Viktor Mak, einer der Organisatoren der Demo in Budapest, sagte dem STANDARD: "Heute gibt es Proteste an etwa 60 Orten im In- und Ausland gegen die Regierung." Das ist insofern neu, weil sich üblicherweise – zuletzt etwa bei den Demos für den Verbleib der Central European University und gegen eine geplante Internetsteuer – die Kundgebungen auf Budapest beschränkten und nicht wochenlang andauerten. In seltener Einheit präsentieren sich diesmal auch die notorisch zerstrittene ungarische Opposition und die Gewerkschaften, die auf Demos setzen, weil das Streikrecht von der amtierenden Regierung ausgehöhlt wurde.

Straßenblockaden

So nahmen etwa auch in der südungarischen Kleinstadt Szekszárd (150 Kilometer südlich von Budapest) 200 Menschen in rund 80 Fahrzeugen an einer Straßenblockade teil. In einem von einem Polizeiauto angeführten Konvoi ging es auf einer Umfahrungsstraße an den südlichen Stadtrand. Dort blockierten die Fahrzeuge eine Spur der Nationalstraße 56, die nach Kroatien führt.

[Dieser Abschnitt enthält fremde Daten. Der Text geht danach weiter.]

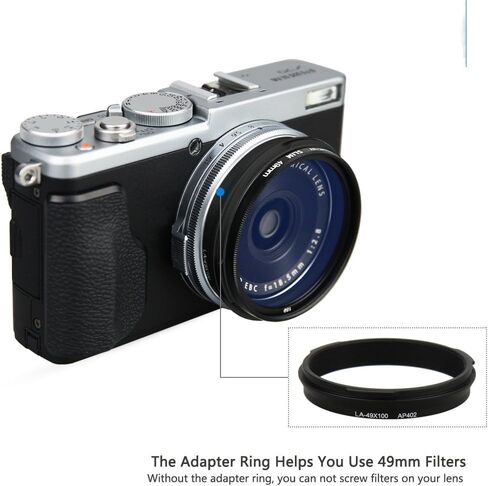 JJC LH-X100 Metal Square Lens Hood مع حلقة محول AR-X100 49 ملم لـ Fuji Fujifilm X100VI X100V X100F Cameras ، LH-X100 HOOD مع حلقة محول المرشح ، يسمح بربط UV/ND/CPL in Saudi Arabia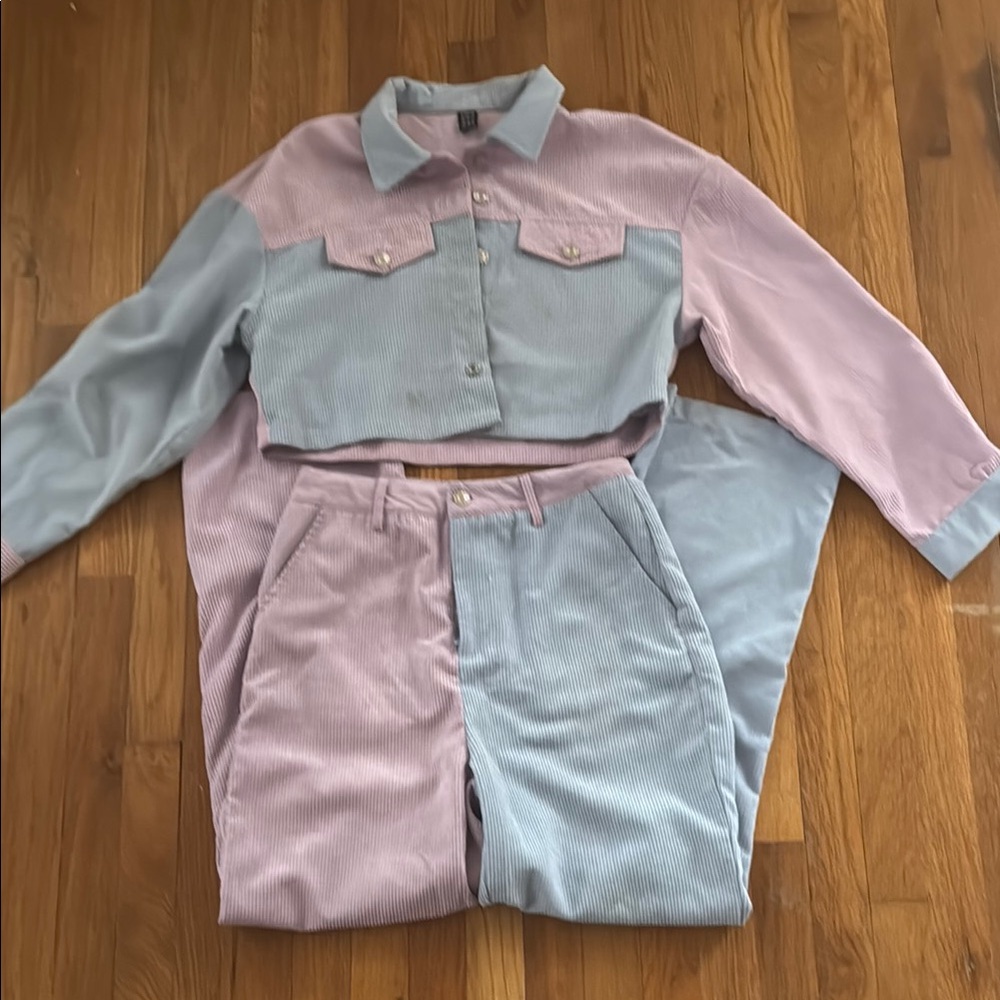 Two-Tone Corduroy Jacket and Pants Set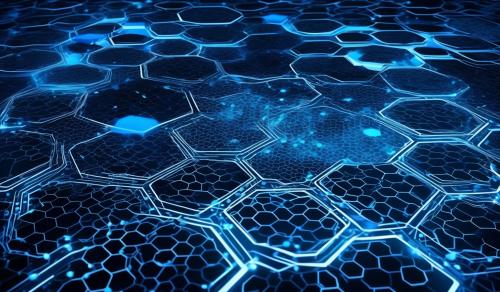 the picture shows a computer desktop with a blue and black wallpaper featuring a network of interconnected hexagons. symbolizing technology or circuitry.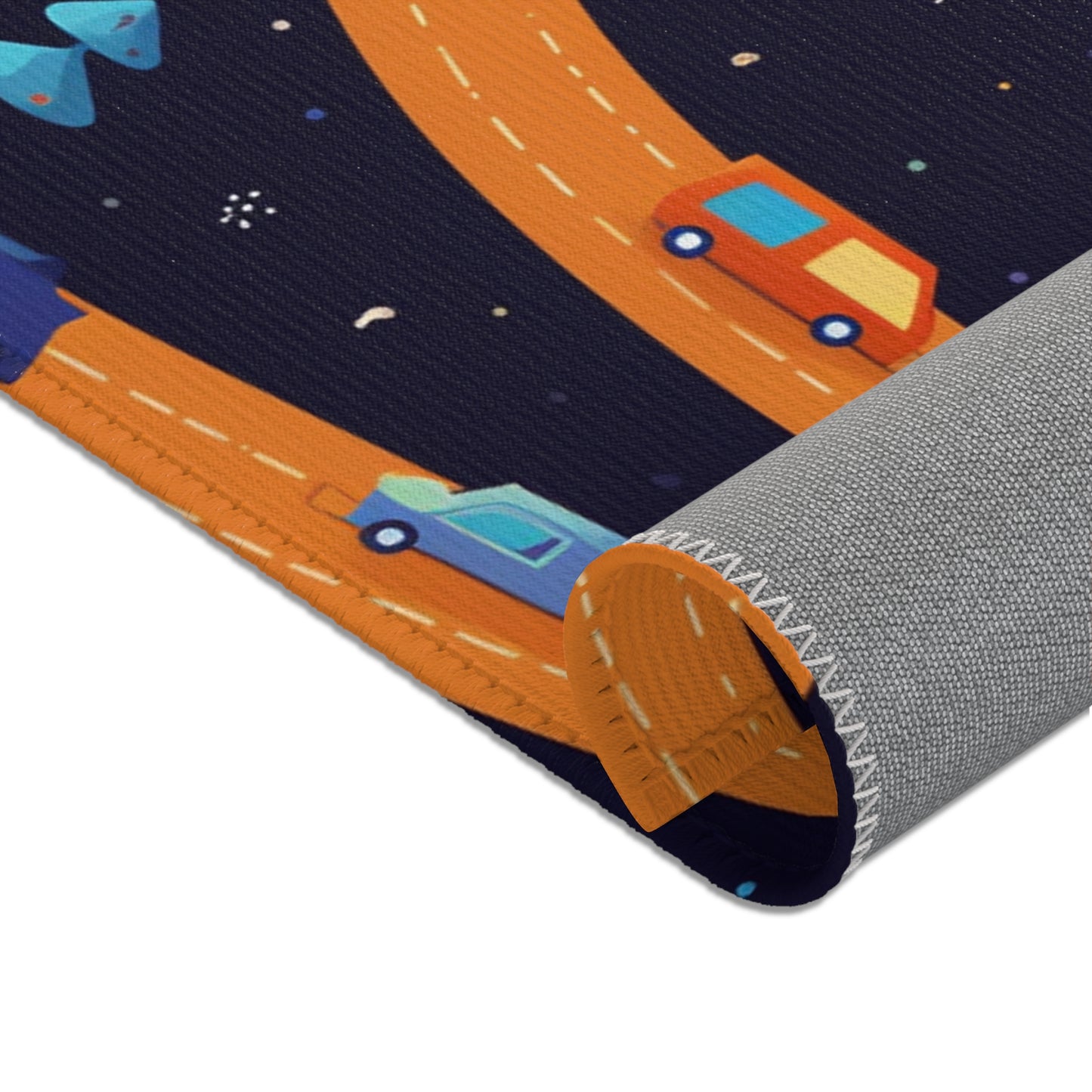 Space Odyssey: Kids Mars Play Roadway Galactic Space Area Rug in Various Sizes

Die Teilnehmer waren vor allem Gewerkschafter, Aktivisten und Anhänger der Oppositionsparteien und einige wenige ungebundene Bürger. "Wir sind gegen das Überstundengesetz, weil wir wollen, dass die Kollegen mit dem regulären Acht-Stunden-Tag mehr Geld verdienen", sagt László Lörincz (54) von der Gewerkschaft der Werktätigen des AKW Paks (PADOSZ). Das AKW liegt etwa 30 Kilometer von Szekszárd entfernt. Infolge einer einsamen Entscheidung, die Orbán mit Kremlherrn Wladimir Putin traf, soll das AKW in den nächsten Jahren einen neuen Reaktorblock aus russischer Fertigung erhalten. Der Ausbau ist nicht nur aus ökologischen Gründen umstritten, sondern auch wegen seiner Finanzierung durch ungünstige russische Kredite.

Sind die landesweiten Aktionen Zeichen für einen Stimmungsumschwung und können sie die Macht von Orbáns Regierungspartei Fidesz gefährden?

István Hegedus über Orbán, Fidesz und die Stimmung in Ungarn.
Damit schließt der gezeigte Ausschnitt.